Here is an example spark-submit job:
1export SPARK_HOME=~/spark-rapids/spark
2export K8SMASTER=k8s://<ip>:<port>
3export SPARK_NAMESPACE=default
4export SPARK_DRIVER_NAME=exampledriver
5export NGC_SECRET_NAME=ngc-secret
6
7$SPARK_HOME/bin/spark-submit \
8 --master $K8SMASTER \
9 --deploy-mode cluster \
10 --name examplejob \
11 --class org.apache.spark.examples.SparkPi \
12 --driver-memory 2G \
13 --conf spark.executor.instances=1 \
14 --conf spark.executor.memory=4G \
15 --conf spark.executor.cores=1 \
16 --conf spark.executor.resource.gpu.amount=1 \
17 --conf spark.executor.resource.gpu.discoveryScript=/opt/spark/examples/src/main/scripts/getGpusResources.sh \
18 --conf spark.executor.resource.gpu.vendor=nvidia.com \
19 --conf spark.plugins=com.nvidia.spark.SQLPlugin \
20 --conf spark.kubernetes.namespace=$SPARK_NAMESPACE \
21 --conf spark.kubernetes.driver.pod.name=$SPARK_DRIVER_NAME \
22 --conf spark.kubernetes.authenticate.driver.serviceAccountName=spark \
23 --conf spark.kubernetes.container.image=$IMAGE_NAME \
24 --conf spark.kubernetes.container.image.pullSecrets=$NGC_SECRET_NAME \
25 --conf spark.kubernetes.container.image.pullPolicy=Always \
26 local:///opt/spark/examples/jars/spark-examples_2.12-3.4.0.jar 10000
The 10000 at the end of the spark-submit is an input which specifies the number of iterations.

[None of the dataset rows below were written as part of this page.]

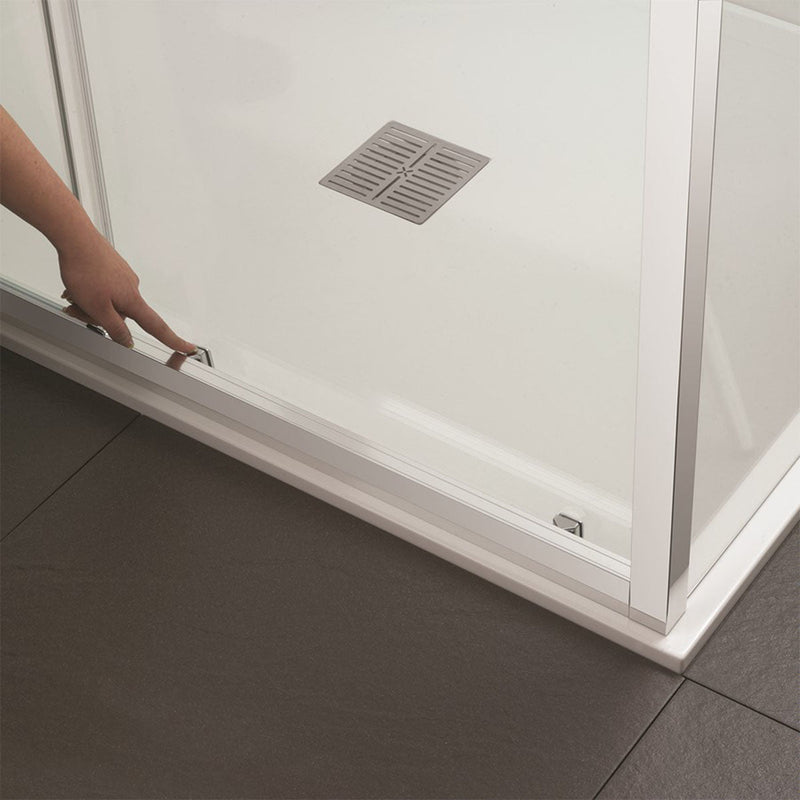 crosswater clear 6mm sliding shower door lifestyle silver close up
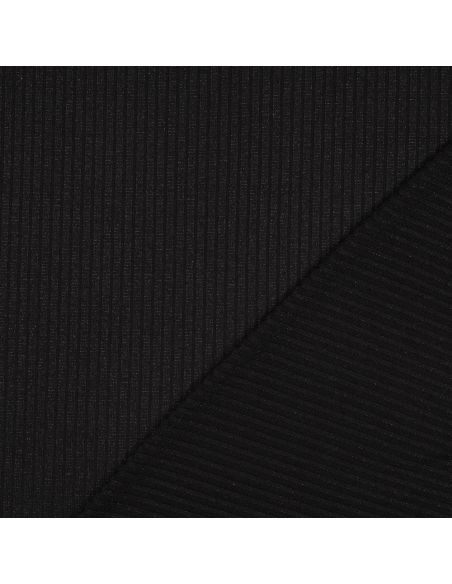 Tecido de malha canelada lurex - Preto prateado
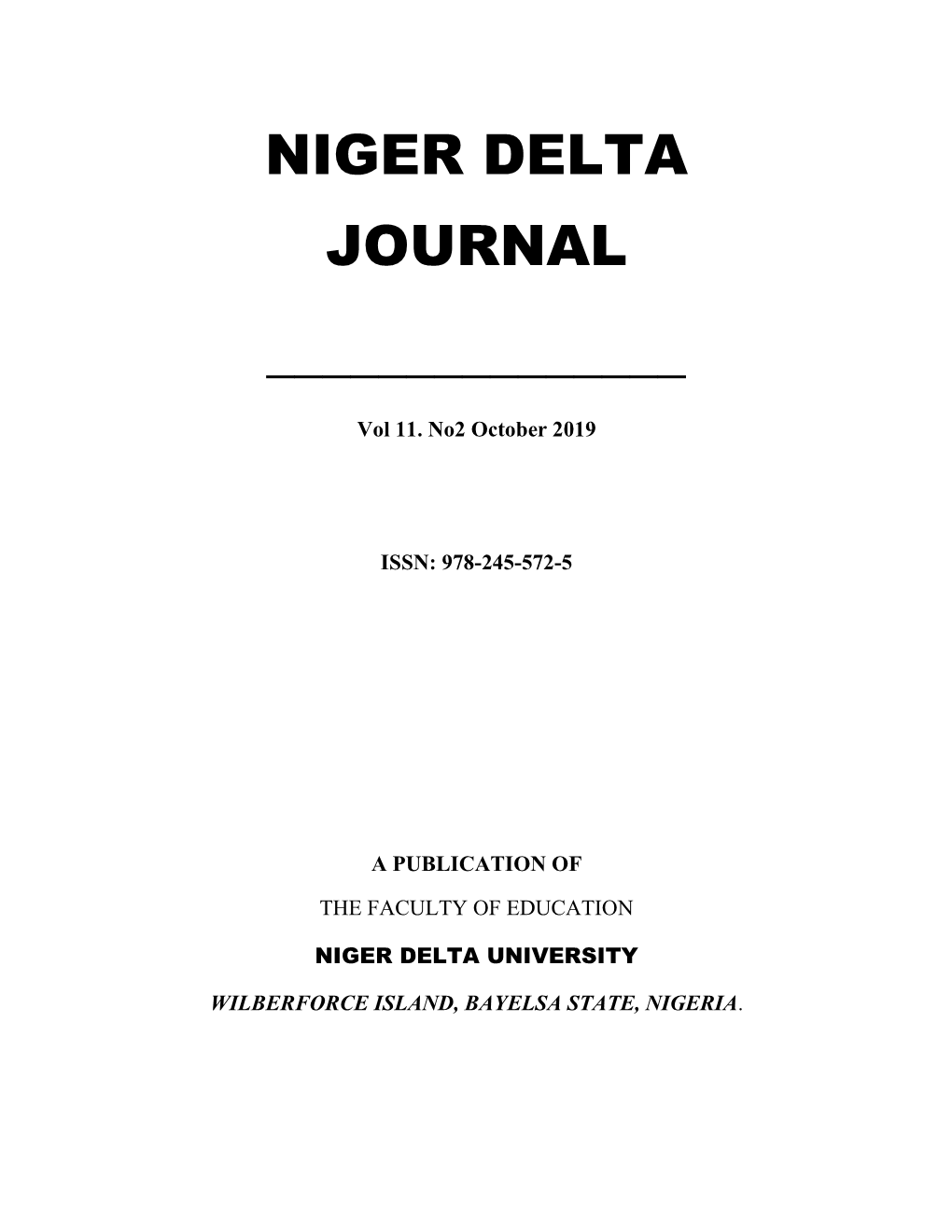 Niger Delta Journal ______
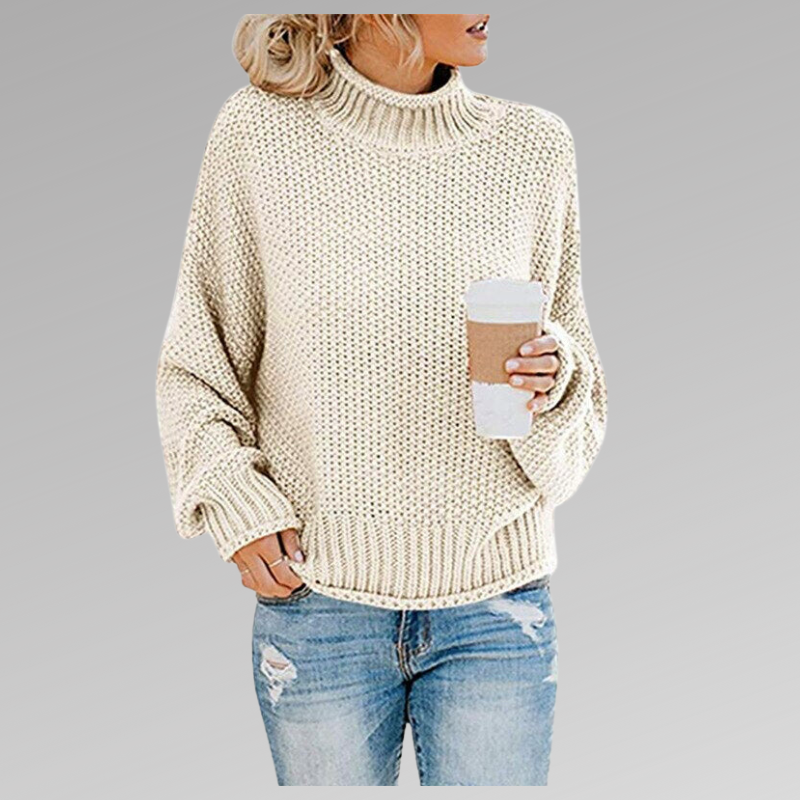 Strikket Rullekrave Sweater med Afslappet Pasform
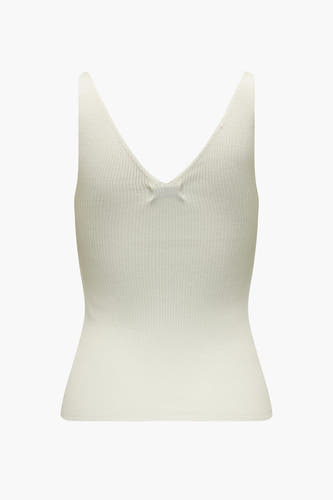 Witte tanktop van JDY, met een ribgebreide textuur en V-hals.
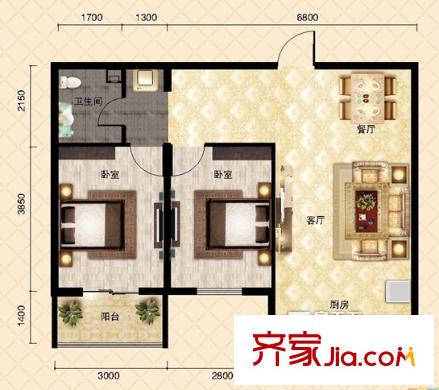奧特錦鴻嘉苑戶型圖2居室 2室2廳1衛(wèi)1廚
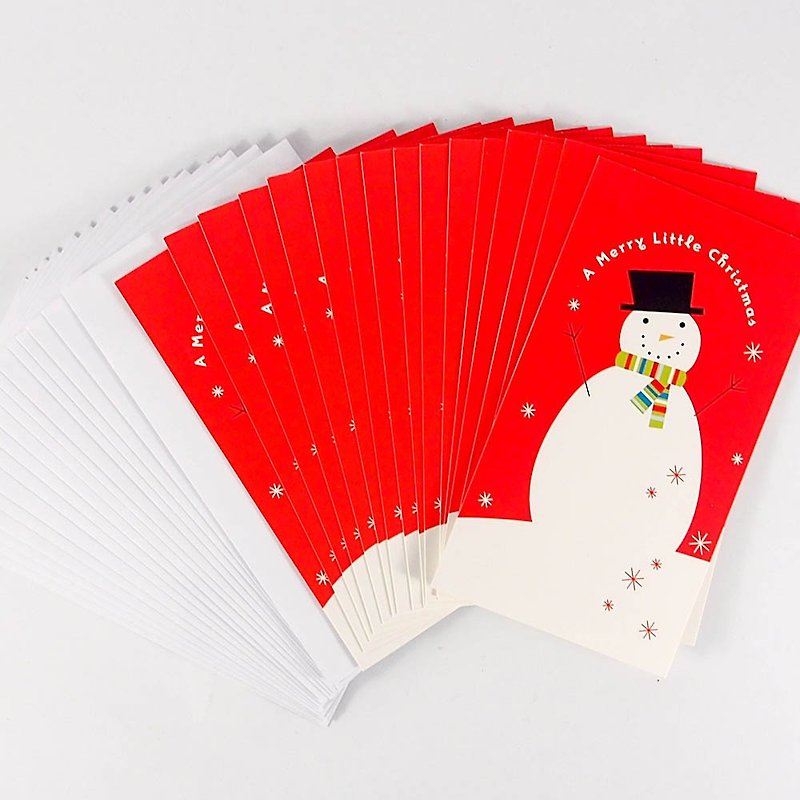 Happy Snowman Christmas Box Cards 16 pieces [DaySpring-Card Christmas Series] - การ์ด/โปสการ์ด - กระดาษ สีแดง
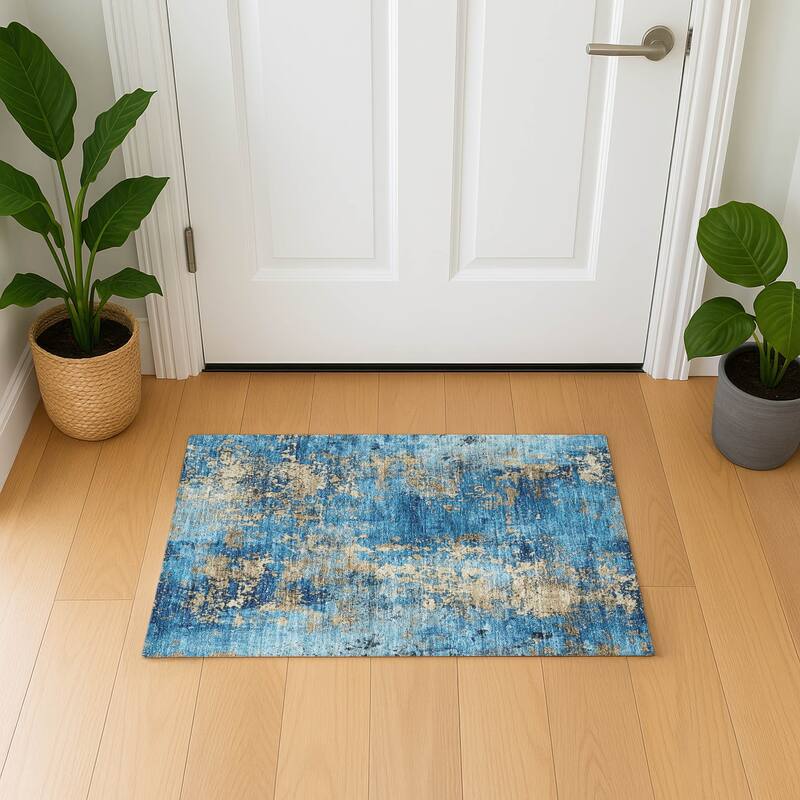 Premium Washable Super Soft Chic Abstract Mayfield Rug - Blue - 1'8" x 2'6"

Note local://
means the jar file location is inside the Docker image. Since this is cluster
mode, the Spark driver is running inside a pod in Kubernetes. The driver and executor pods can be seen when the job is running:
$ kubectl get pods
NAME READY STATUS RESTARTS AGE
spark-pi-d11075782f399fd7-exec-1 1/1 Running 0 9s
exampledriver 1/1 Running 0 15s
To view the Spark driver log, use below command:
kubectl logs $SPARK_DRIVER_NAME
If the job ran successfully, the log output will contain the computed value for pi:
Pi is roughly 3.1406957034785172
Note
Exception in thread "main" java.lang.ClassNotFoundException: com.nvidia.spark.SQLPlugin
ClassNotFoundException is a common error if the Spark driver can not find the RAPIDS Accelerator jar, resulting in an exception like this:
To view the Spark driver UI when the job is running, first expose the driver UI port:
kubectl port-forward $SPARK_DRIVER_NAME 4040:4040
Note
You may need to enable ssh with port forwarding to access the UI from a remote machine. e.g. run ssh -L 4040:localhost:4040 nvidia@<cluster-ip>
Then open a web browser to the Spark driver UI page on the exposed port:
http://localhost:4040
To kill the Spark job:
$SPARK_HOME/bin/spark-submit --kill spark:$SPARK_DRIVER_NAME
To delete the driver pod:
kubectl delete pod $SPARK_DRIVER_NAME
Deleting the driver pod is required to reuse the same driver pod name.